Thank you R-K Rønningstad-- I understand what you are doing... you are making the voltage divider at the input. I'm wondering if it helps to drop the resistor values in half or less (instead of using 25k maybe use 10K and instead of 1K much less than that)? Would that help the sound possibly? All of my interconnects are a helix design which tends to really minimize reflections or oscillations. Is this a better way to drop the voltage 6db rather than using a single resistor as shown in the diagram you provided above (16B)?-- thanks so much! I know everything is a trade off... I'm just trying to get the best mix I can to improve sound and minimize parasitic capacitance and inductance. (It seems anything I put between the DAC and the power supply can be heard and some of the resolution is affected. I'm after as transparent as possible).
Thanks andynor... but wouldn't the input impedance of the buffer, with the two 25K resistors and 1K resistor be close to 50K input impedance -- so dropping each in half would still provide 25K total impedance? But I do feel like the source has a wimpy driver (not discrete devices) so even if it's equivalent to 50K... it sounds like that may be still a good thing? (thank you again!)
Why two 25k’s? The 25k in the original circuit is the pot.
I run mine with a ladder pot, and so the B1 has only the 1k and 1m.
A drawing program with the iPad. Terrible. Paper, pencil and camera would have been better.
HI andynor-- you asked why the two 25K resistors? I believe I can answer that. R-K Rønningstad responded to my inquiry and what might be a topology and values of resistors that he thought might be good in order to be easy for my source (DAC) to drive AND in the process reduce the gain by 6db. I am not using a pot because I want to make the simplest most transparent circuit I can with a minimum of added capacitance and inductance and wiring. (I'm able to control the volume at the source but I have to really crank it's output down if I drive my amp directly). My amp is super sensitive to any input, it maxes at 0.75V and has 35db gain and very wide bandwidth. So I'm trying to get rid of all pots and replace them with the best audio transistors I can find. So the configuration with the two 25K resistors allows dropping the input voltage in half before it reaches the gate of the JFET. (I'm also going to remove the 1Meg resistor because in the diagram, 25K in parallel with 1Meg leaves an equivalent resistance of about 24K -- so I"m going to just leave it at 25K). It isn't what most people want and it's very tuned to my own particular source and amp.

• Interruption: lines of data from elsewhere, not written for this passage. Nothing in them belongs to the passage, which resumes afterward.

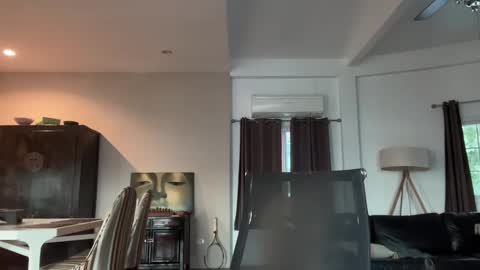 justin_hornyyyy online show from December 20, 11:45 pm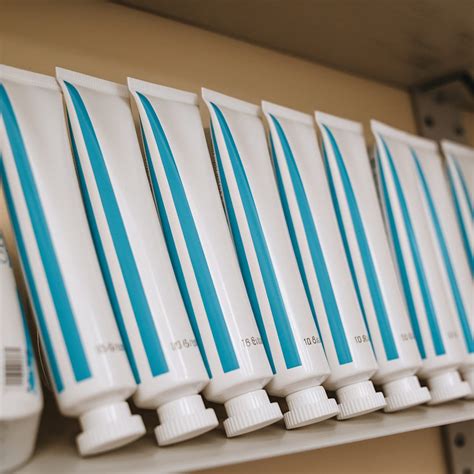 Say Goodbye to Dark Spots by Whitening Underarms with Toothpaste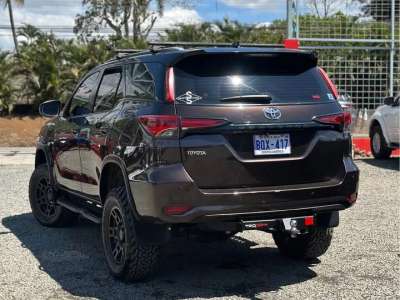 Toyota Fortuner - Image 7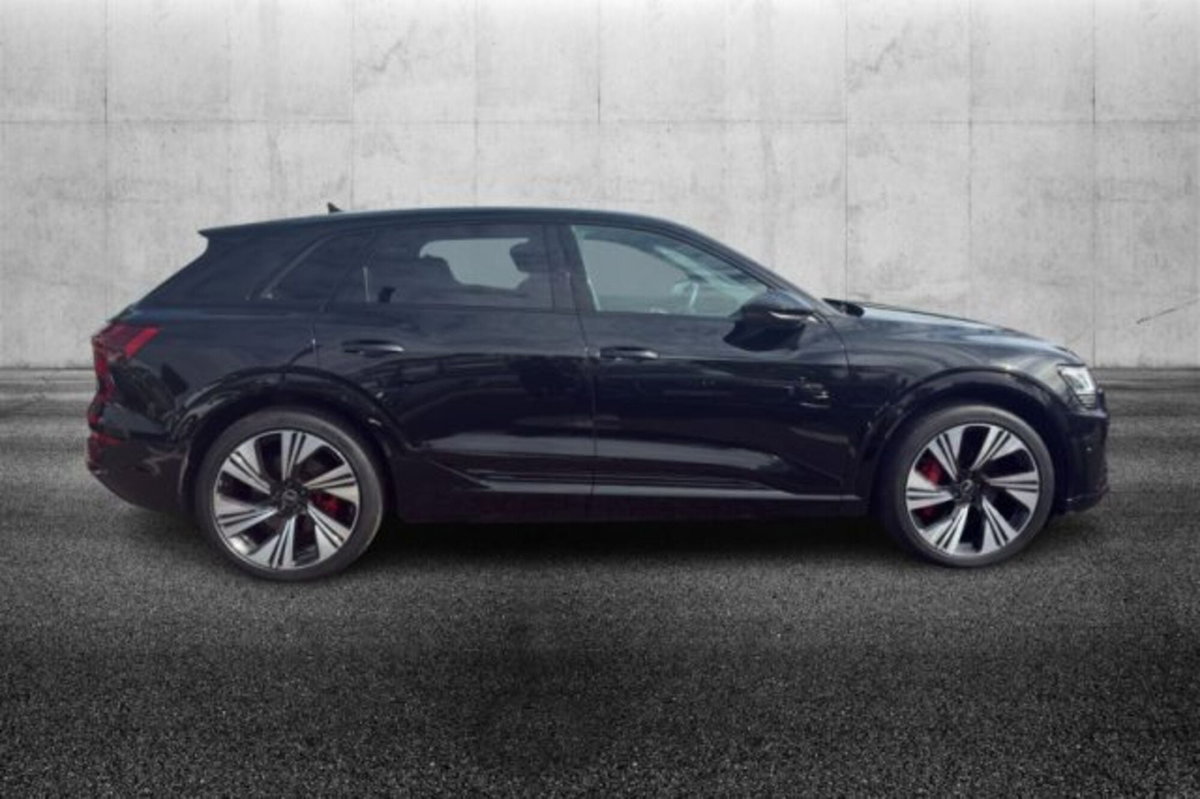 Audi Q8 Sportback 50 S line edition quattro (5)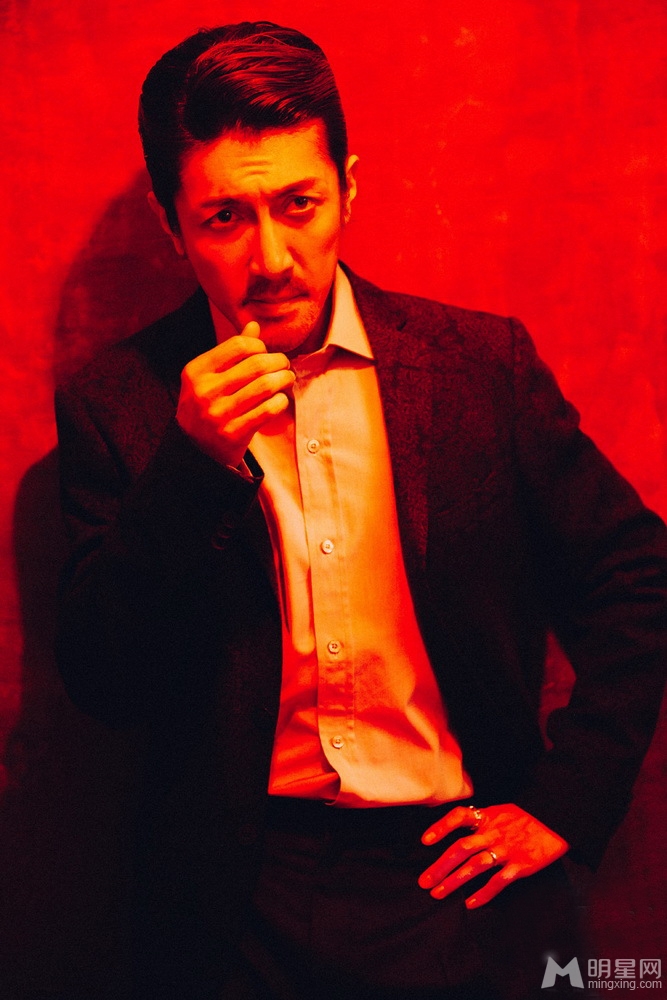 张鲁一型男写真曝光忧郁眼神彰显男人魅力_图-4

I may actually try and reduce the gain even more than 6db. I'm hoping the buffer will allow a better impedance match from my source to amp. (Right now there is some music that sounds kind of lifeless when I directly drive the amp with the DAC, and that is compared to when I was able to drive my amp with a better source).
I see, I see. I should have seen that, just jumped to it - sorry.
Anyways, your goal of a clean signal path will be disrupted by the added (rather highish R) series resistor in the signal path. It may prove a better solution than digital volume control, but if I were you I would test this. You can mount the series 25k resistor with pin sockets, that way you can replace it with jumpers and do A/B testing with digital VC.
Don’t worry about input impedance, standard 25k-ish is good enough with a 125 ratio to your source is good enough for starters. You could mount the second 25k resistor also on pin sockets, to A/B input impedances between ish 25k and 50k.
Anyways, your goal of a clean signal path will be disrupted by the added (rather highish R) series resistor in the signal path. It may prove a better solution than digital volume control, but if I were you I would test this. You can mount the series 25k resistor with pin sockets, that way you can replace it with jumpers and do A/B testing with digital VC.
Don’t worry about input impedance, standard 25k-ish is good enough with a 125 ratio to your source is good enough for starters. You could mount the second 25k resistor also on pin sockets, to A/B input impedances between ish 25k and 50k.